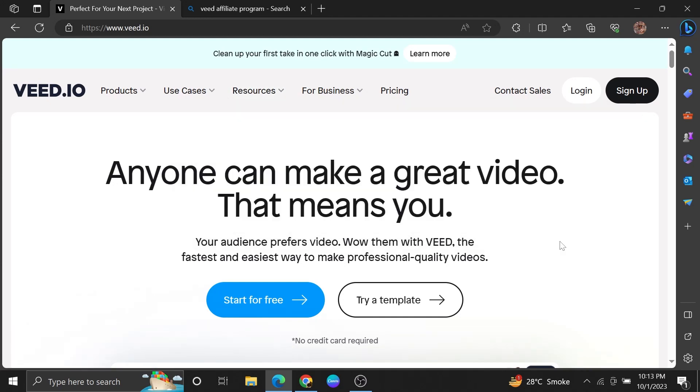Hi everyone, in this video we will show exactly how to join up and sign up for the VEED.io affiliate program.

******************************

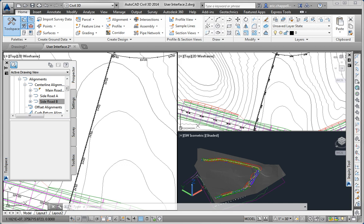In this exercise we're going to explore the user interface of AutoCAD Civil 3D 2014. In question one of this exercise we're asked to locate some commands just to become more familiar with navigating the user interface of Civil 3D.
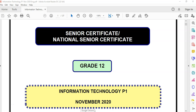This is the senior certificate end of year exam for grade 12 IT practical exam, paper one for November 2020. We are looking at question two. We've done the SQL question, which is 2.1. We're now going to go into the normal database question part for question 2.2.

******************************

● **What you need to do**
Print nothing except the lines above from the one containing "In this exercise" down to the one containing "This is the", both included, exactly as written and free of pictures.

● **Answer section**
In this exercise we're going to explore the user interface of AutoCAD Civil 3D 2014. In question one of this exercise we're asked to locate some commands just to become more familiar with navigating the user interface of Civil 3D.
This is the senior certificate end of year exam for grade 12 IT practical exam, paper one for November 2020. We are looking at question two. We've done the SQL question, which is 2.1. We're now going to go into the normal database question part for question 2.2.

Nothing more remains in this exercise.